The past few months have been a time of farewells for me. In September, I said goodbye to my PopPop when he lost his battle with cancer. In November, I said goodbye to Gettysburg to come home and get treatment for my eating disorder and depression. In January, I said goodbye to day treatment and IOP as I transitioned to outpatient programing, leaving behind wonderful staff and supportive friends. In February, I officially said goodbye to Katie, the nurse practitioner who had worked with my ED doctor; she was my salvation in high school as I fought against Maudsley therapy and she saved my life in the most literal way. And today, I had to say goodbye to Julie, my dietitian, who is one of the most wonderful women I have ever met. I didn't know she was leaving until today.
I originally met her in day treatment. She would fill in for Christina on the days Christina wasn't available to check meals. I loved her for how laid back she was about everything. She was really responsive when I told her that standing behind me made me nervous, and when I hadn't seen her in a while, she gave me a hug on a day that I really needed it. When I asked Julie if she would see me for outpatient, she was so excited to work with me, which made all the difference to me. In her nutrition sessions, I learned so much about why dieting is bad, why all foods are good foods, and what normalized eating looks like.
Working with her in outpatient, I learned so much about how to take care of myself and I was always supported by her in everything. In one of our first couple of sessions, she told me that she thought that my brain had caught up with its health, but that I just hadn't decided to be kind to myself yet. She took the time to explain what that meant--being kind to myself meant being my own friend. How if I was talking to a friend, I would tell her not to use diet pills because they don't work, only give false hope, and are bad for her heart. If I was talking to a friend, I would tell her she needed to eat because food keeps her alive and functioning. And Julie told me that I would tell a friend all of her good qualities and say she was beautiful inside and out and she should accept herself the way she is because she can't change who she is. She can't change the body she was given. And in that conversation, I could tell how much Julie meant all of those things for me and how much she wanted me to believe them.
"I came to love her the way you love someone who saves you from drowning."
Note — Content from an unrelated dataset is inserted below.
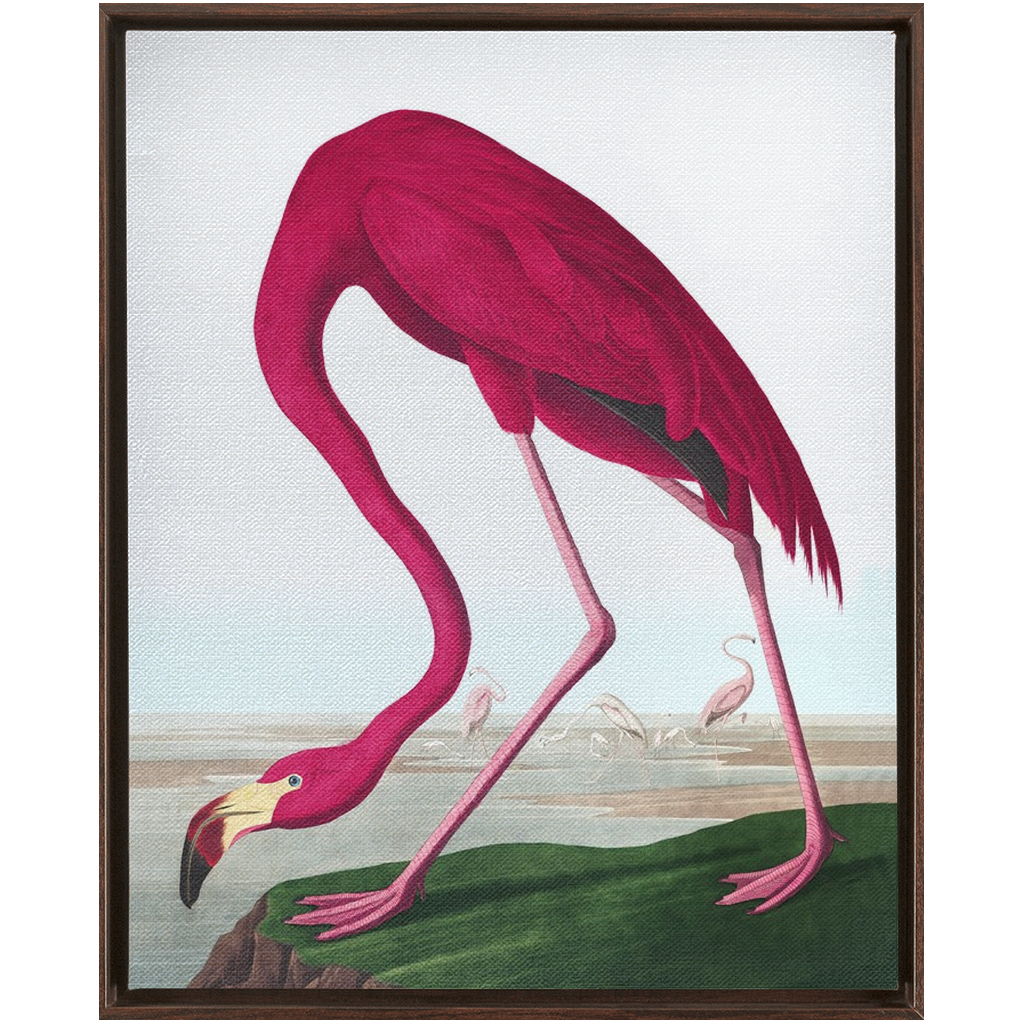 Modern Audobon Flamingo, Framed Canvas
But there were also times in outpatient when I was really angry with her, like in February when she told me that I basically needed to get my shit together or she was going to not see me until I was more willing. I was so angry with her about that. She told me that she can only do so much for me and at some point, I have to make the choice to listen. Julie also said that she gets offended when she spends time working with clients and they don't listen to what she's saying. I was really upset about this because I felt like she was just giving up on me, even though she told me that she cares about me, worries about me and wanted to keep working with me. She could be really harsh when I needed it to get back on track... Like the week that she threatened to send me back to day treatment for two weeks.
As harsh as she was when I was struggling (and when I really needed a kick in the butt to get me back on track), Julie was incredibly encouraging and gave lots of praise when I was doing well. It always made me uncomfortable when she told me I was "rocking it" or some other compliment because I never really felt it, but I have no doubt that she believed it with all her heart. Today, after she gave me one last hug, she told me that she had complete faith in my ability to recover and stay healthy. She told me that she believed I could do anything that I put my mind to and that I was going to do great in college. Julie told me that she does not doubt my ability to succeed in anything.
I don't know how to say goodbye to someone who has challenged me and changed my life forever. I don't know how to express my gratitude for everything that she has done for me or how to tell her how much I'll miss eating snacks with her or looking at pictures of her kids.
I have no idea how to say goodbye to this woman who has helped to save me from myself.
Goodbyes are hard. I wish this one didn't have to happen, but I know it was inevitable. In a few short months, I'll be saying more goodbyes to people who saved my life and have changed me for good, and I'm not sure how I'll manage it.
How do you say goodbye to someone who you basically owe your life to, knowing that you'll probably never see them again because that's just how these things are? How do you let go? How do you find closure when the relationship ends? And how do you be okay when someone who saved your life is suddenly gone?